* _DESCRIPTION OF THE TASK_: Starting at the line with "Western blot analysis", copy each line through the last one below exactly as written, without any pictures.

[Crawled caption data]
------------------------------
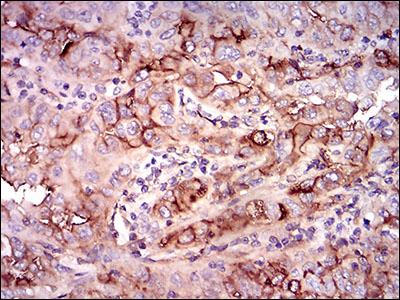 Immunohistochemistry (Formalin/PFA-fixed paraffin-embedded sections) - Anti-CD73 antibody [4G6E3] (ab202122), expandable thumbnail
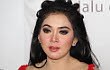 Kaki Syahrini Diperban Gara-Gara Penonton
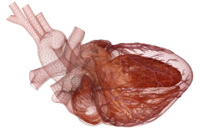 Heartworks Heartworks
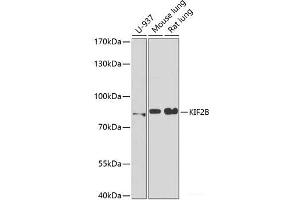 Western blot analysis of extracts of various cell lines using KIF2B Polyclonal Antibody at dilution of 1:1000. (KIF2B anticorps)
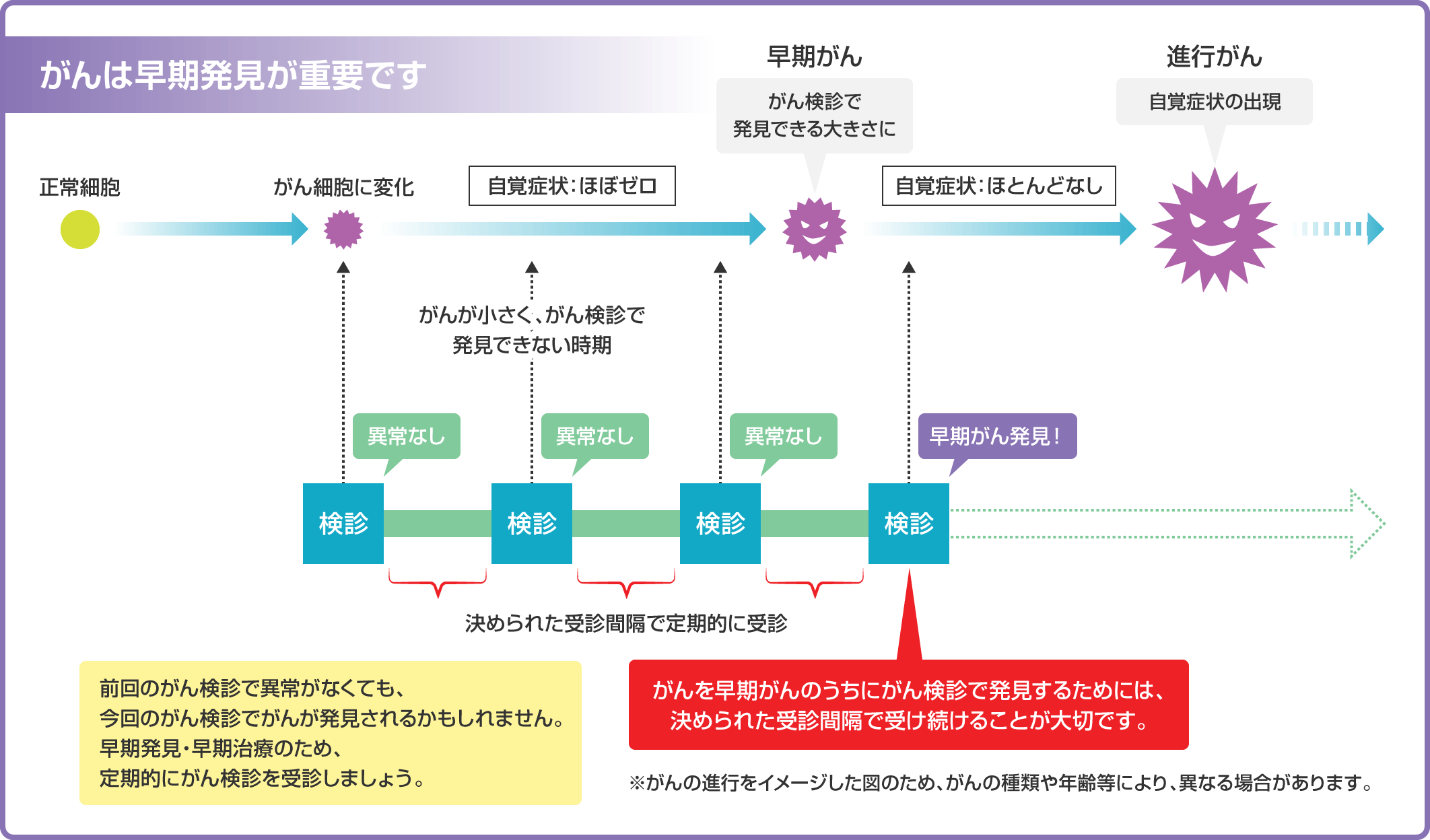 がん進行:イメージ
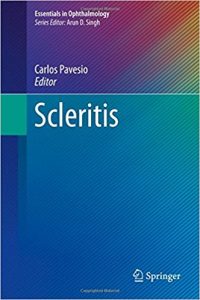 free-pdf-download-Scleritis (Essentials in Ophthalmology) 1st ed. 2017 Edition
------------------------------
* _SOLUTION TO THE PROBLEM_:
 Western blot analysis of extracts of various cell lines using KIF2B Polyclonal Antibody at dilution of 1:1000. (KIF2B anticorps)
 がん進行:イメージ
 free-pdf-download-Scleritis (Essentials in Ophthalmology) 1st ed. 2017 Edition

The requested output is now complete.